MOSCOW, October 22 (RIA Novosti) – Russian President Vladimir Putin said Tuesday that the trademark of the terrorists responsible for Monday’s fatal bus bombing was all too familiar to Russians.
“We know well the hallmark of these people, these criminals, terrorists, at whose hands many people in our country have already died, including representatives of the Islamic clergy,” Putin said at an event dedicated to the 225th anniversary of the founding of the Central Spiritual Administration of Muslims of Russia.
The Russian president announced a minute’s silence at the event in honor of the victims of the tragedy.
Investigators believe that the explosion on a bus in the southern city of Volgograd on Monday afternoon that killed six people and injured about 30 others was set off by a female suicide bomber, whom authorities have identified as 30-year-old Naida Asiyalova.
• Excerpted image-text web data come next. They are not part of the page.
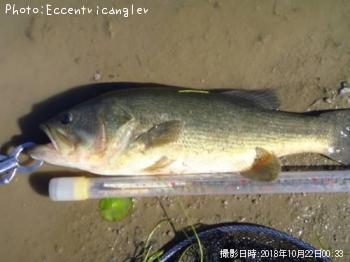 �֥�å��Х�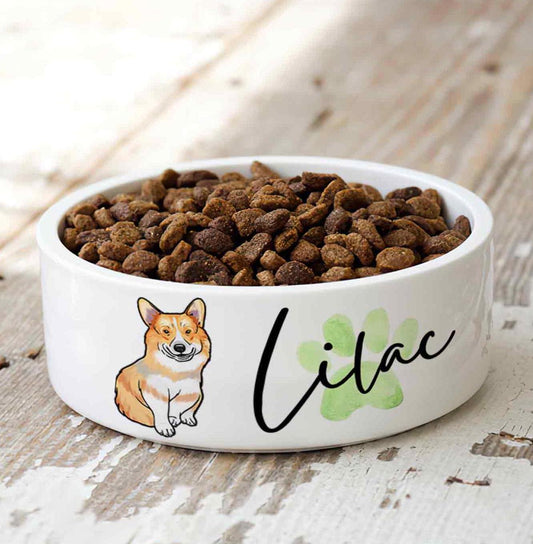 Personalized Dog Full Body Bowl, Custom Dog Name Bowl, Ceramic Colorful Paw Pet Bowl, Water Bowl Food Bowl for Cats Dogs, Dog Mom Dad Gifts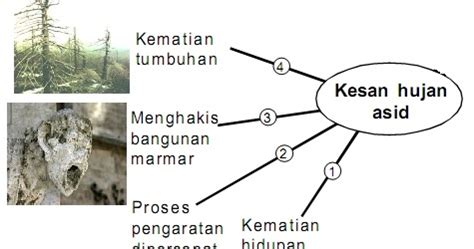Well let me tell you something. Pertandingan Blog 2013: Antara kesan hujan asid terhadap ...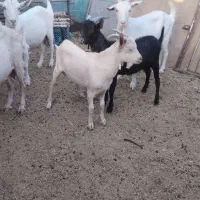 بز سانن|حیوانات مزرعه|بیرجند, |دیوار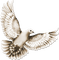 soave deco bird dove sepia - Free PNG Animated GIF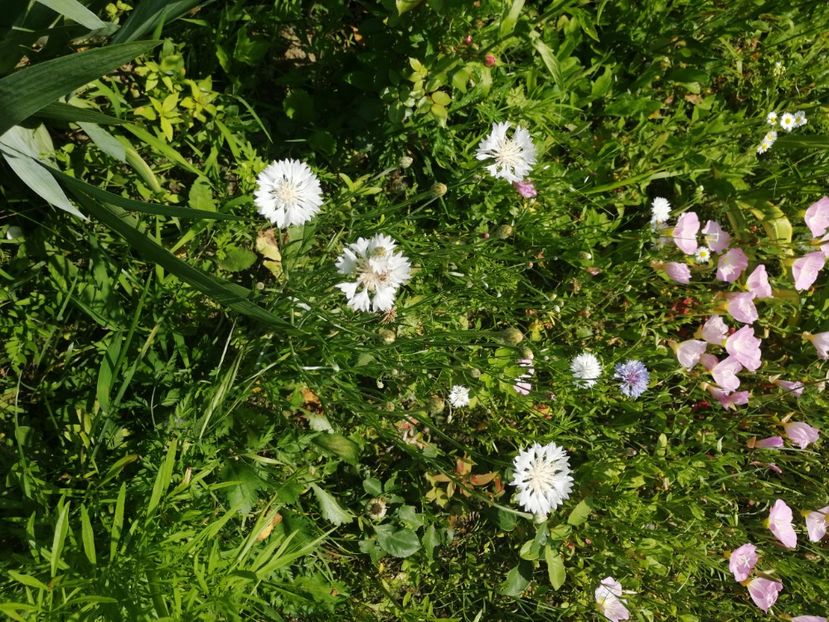  - Flori la balta 2019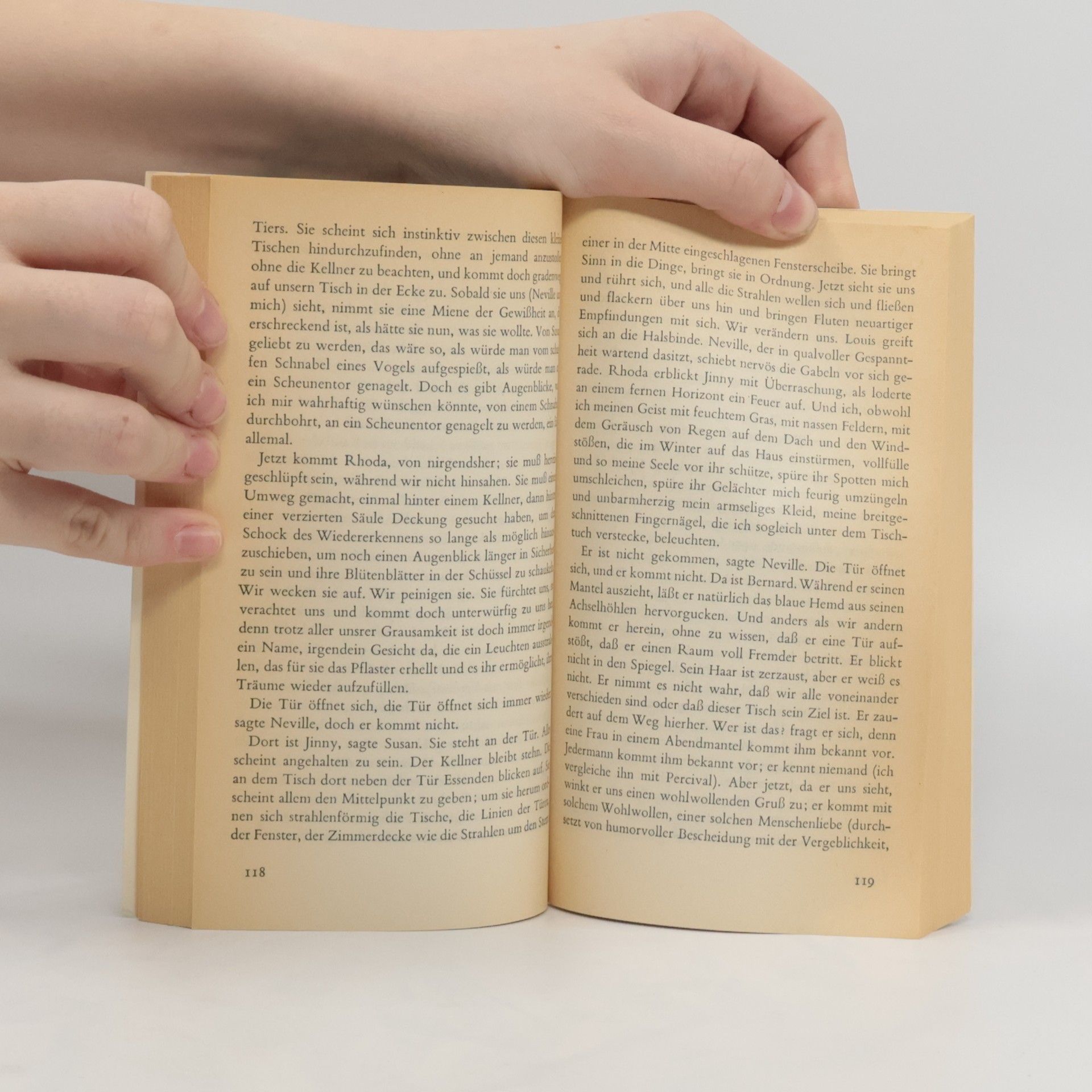 Virginia Woolf Die Wellen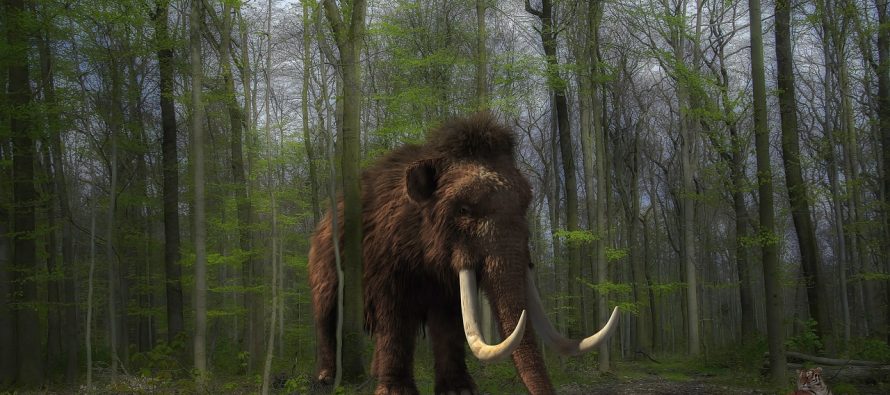 Dlakavi mamut iz tropskih šuma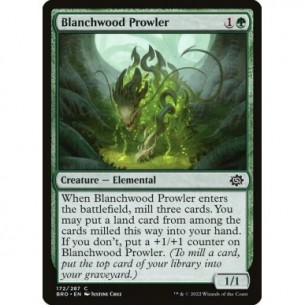 Predatore di Boscopallido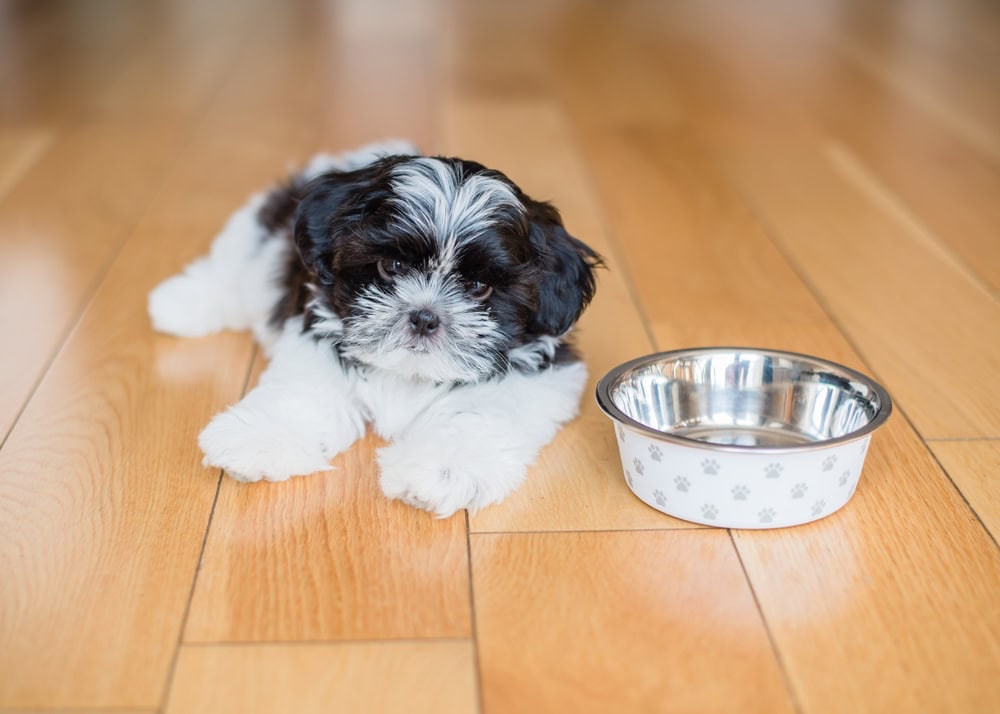 Shih Tzu Puppy laying beside a dog food bow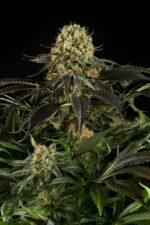 White Siberian Feminised Seeds - Image 3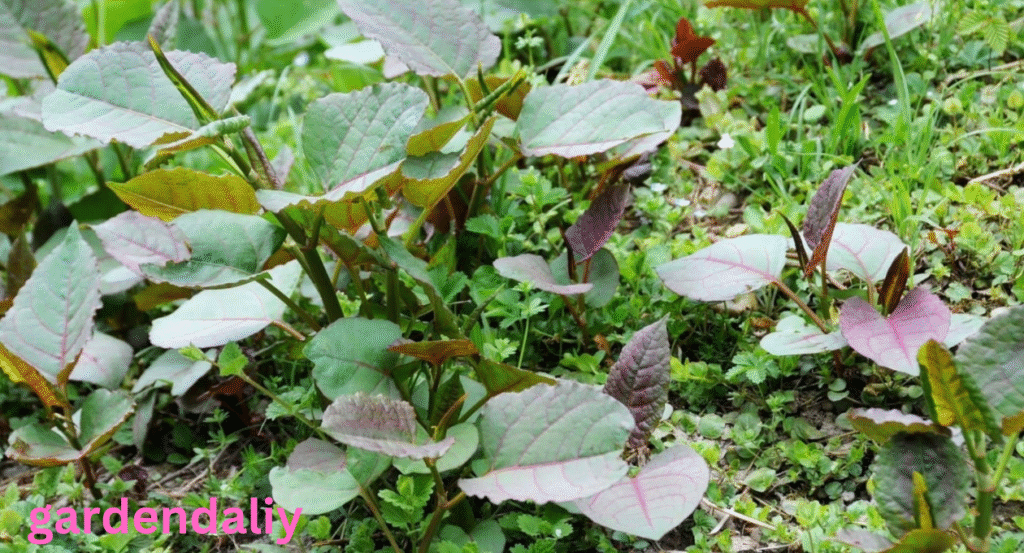 Japanese Knotweed Berries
No group has yet claimed responsibility for the attack.
According to an image of the alleged bomber’s passport released by police, Asiyalova was from Russia’s southern republic of Dagestan – an epicenter of Russia’s Islamist insurgency in the North Caucasus, where attacks on security forces, police and civilians occur regularly, generated by ethnic, religious and political rivalries, as well as poverty and corruption.
The insurgency fueled a series of bloody post-Soviet separatist wars in the neighboring republic of Chechnya in the 1990s, and militant groups fighting for an independent Islamic state in the Caucasus have claimed responsibility for a series of terrorist attacks – often carried out by female suicide bombers – on transport and other public places around Russia in the past two decades.